*What needs to be done:*
In the entries below, find the line containing "377水潤嫩白香氛身體乳 保濕補水果酸滋潤秋冬持久留香正品 300g/瓶" and the line containing "HOMCOM Gioco di". Copy those two lines and everything between them exactly, without the pictures.

---------- Recorded data

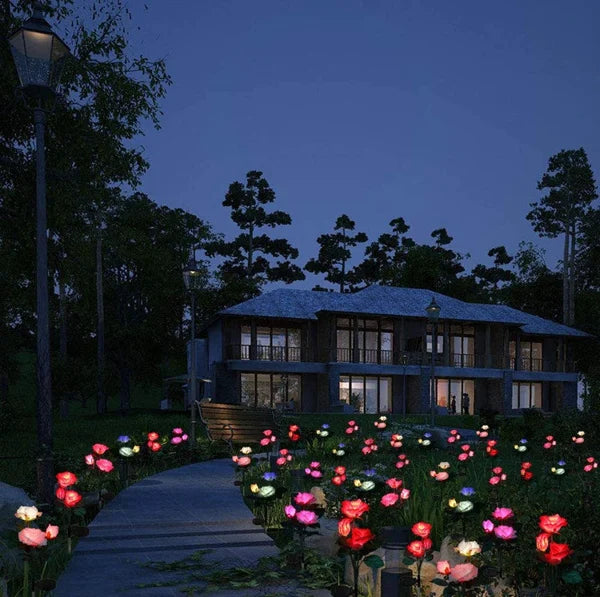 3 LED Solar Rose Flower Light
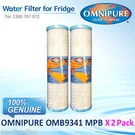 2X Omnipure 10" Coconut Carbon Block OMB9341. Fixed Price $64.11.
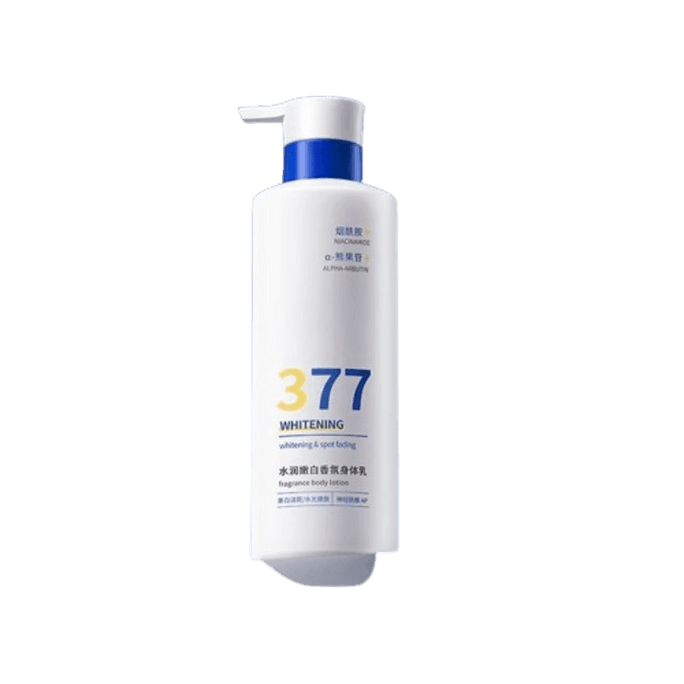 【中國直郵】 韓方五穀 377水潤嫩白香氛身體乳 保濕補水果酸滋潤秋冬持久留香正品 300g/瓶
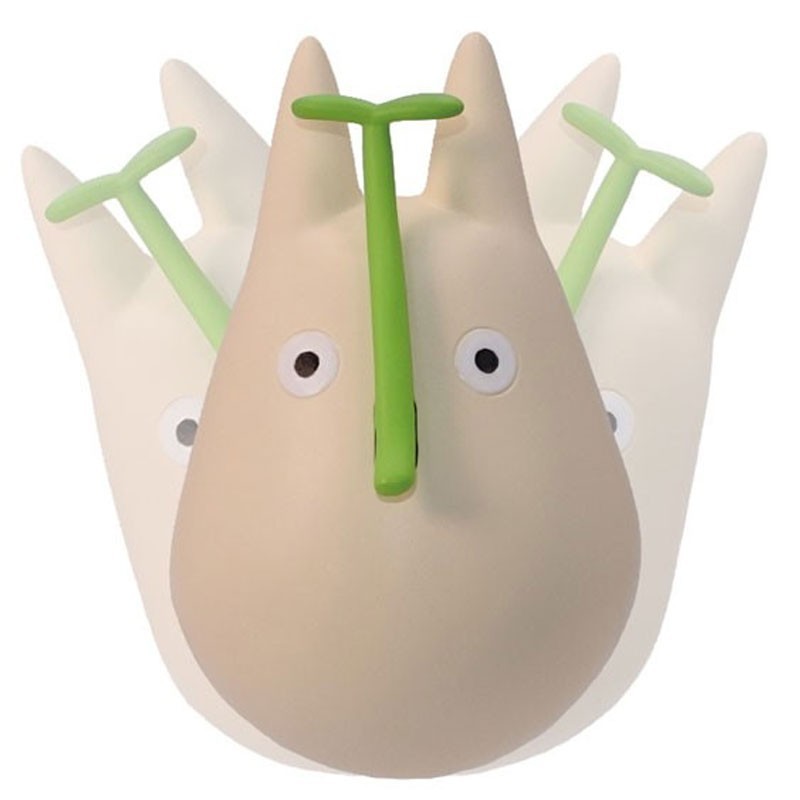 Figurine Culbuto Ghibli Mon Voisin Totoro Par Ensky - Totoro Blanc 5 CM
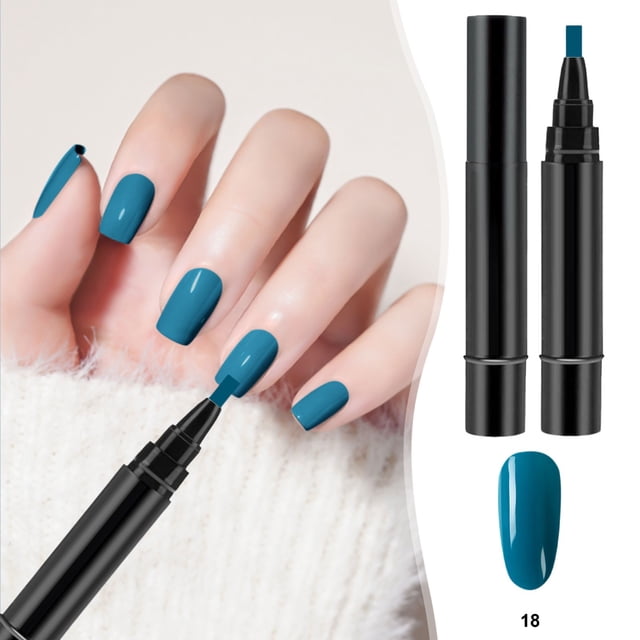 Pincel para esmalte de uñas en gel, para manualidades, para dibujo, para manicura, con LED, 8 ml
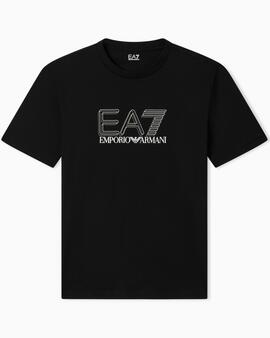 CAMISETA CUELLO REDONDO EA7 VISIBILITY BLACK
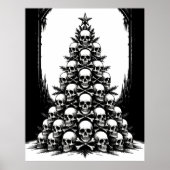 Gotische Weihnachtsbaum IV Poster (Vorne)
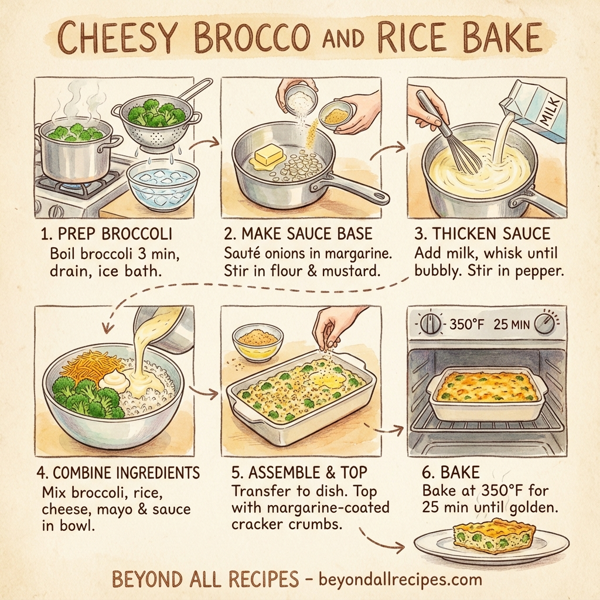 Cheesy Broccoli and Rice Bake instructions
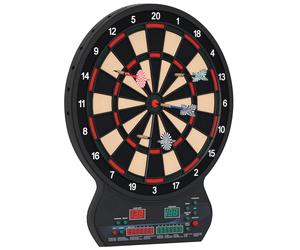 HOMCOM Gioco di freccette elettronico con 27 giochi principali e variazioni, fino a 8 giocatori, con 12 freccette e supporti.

--------------------
---------- Recorded data

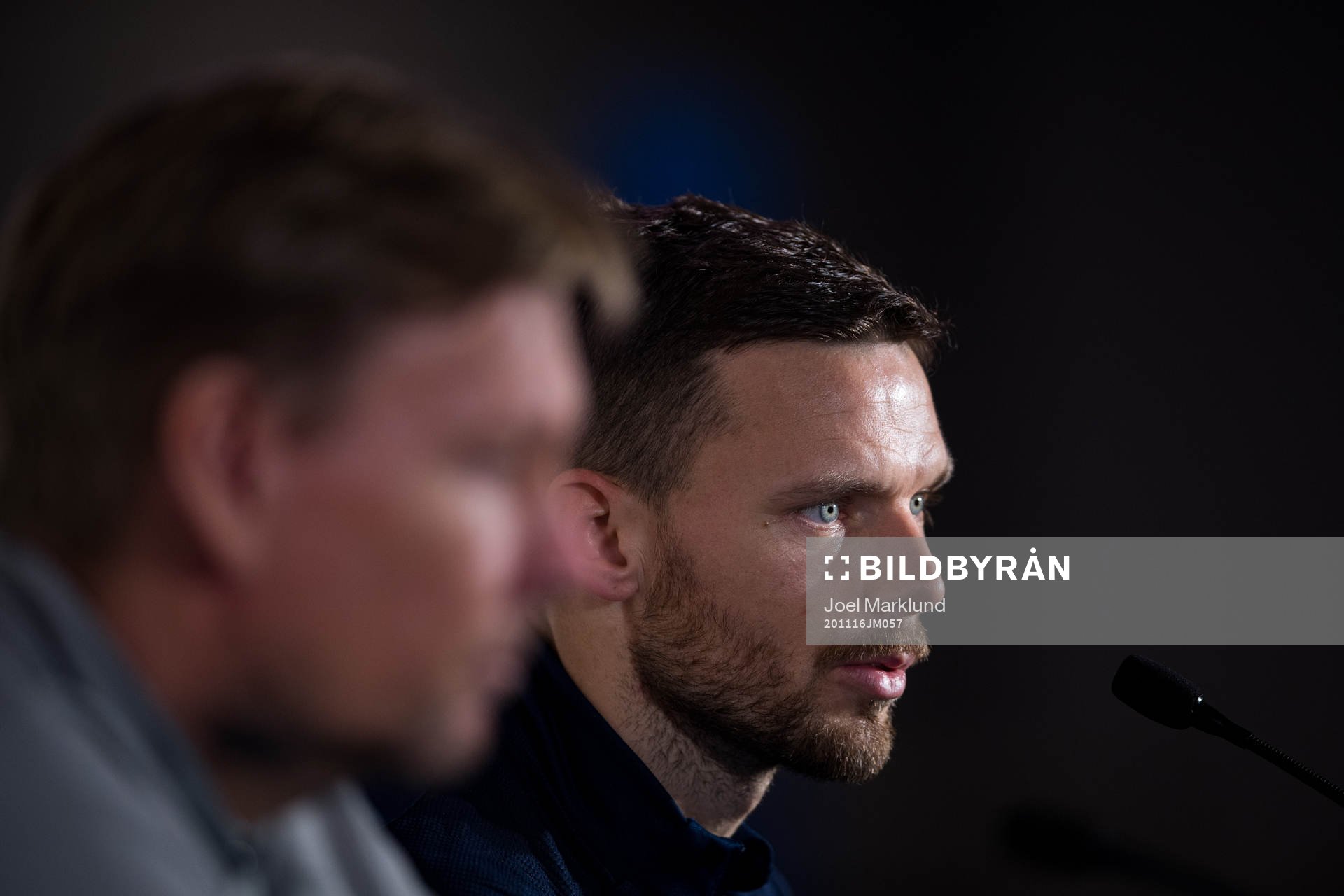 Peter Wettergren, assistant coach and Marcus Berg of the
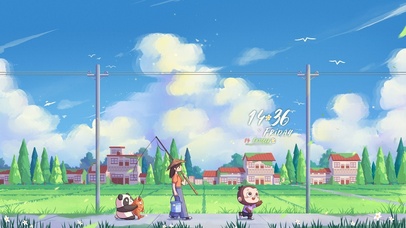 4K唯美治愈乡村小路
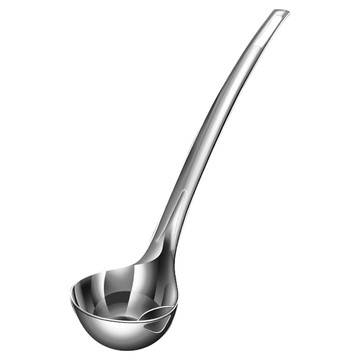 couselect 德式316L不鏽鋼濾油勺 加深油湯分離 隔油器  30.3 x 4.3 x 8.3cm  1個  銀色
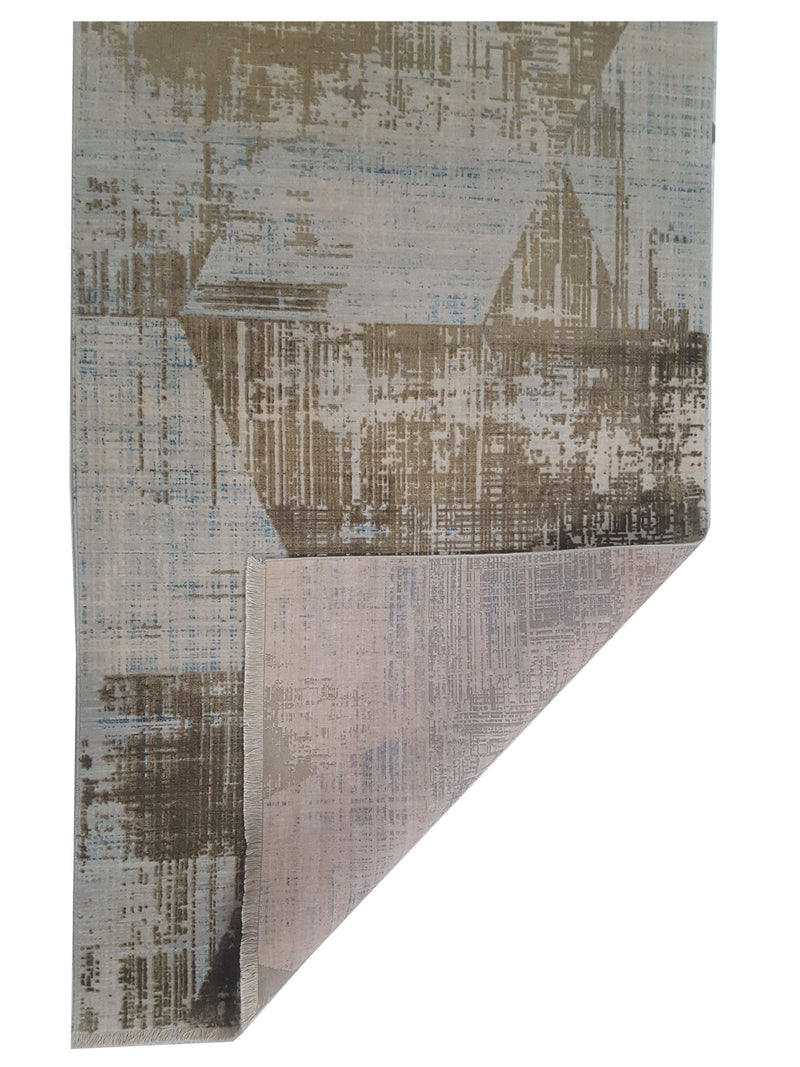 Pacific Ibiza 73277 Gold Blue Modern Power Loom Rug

--------------------
---------- Recorded data

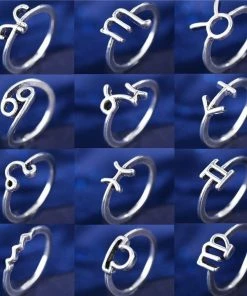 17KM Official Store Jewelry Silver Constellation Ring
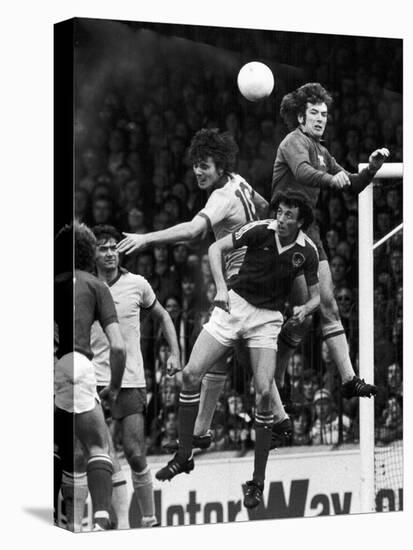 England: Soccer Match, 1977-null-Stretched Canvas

--------------------

*Result of this exercise:*
 【中國直郵】 韓方五穀 377水潤嫩白香氛身體乳 保濕補水果酸滋潤秋冬持久留香正品 300g/瓶
 Figurine Culbuto Ghibli Mon Voisin Totoro Par Ensky - Totoro Blanc 5 CM
 Pincel para esmalte de uñas en gel, para manualidades, para dibujo, para manicura, con LED, 8 ml
 CAMISETA CUELLO REDONDO EA7 VISIBILITY BLACK
 Gotische Weihnachtsbaum IV Poster (Vorne)
 Cheesy Broccoli and Rice Bake instructions
 HOMCOM Gioco di freccette elettronico con 27 giochi principali e variazioni, fino a 8 giocatori, con 12 freccette e supporti.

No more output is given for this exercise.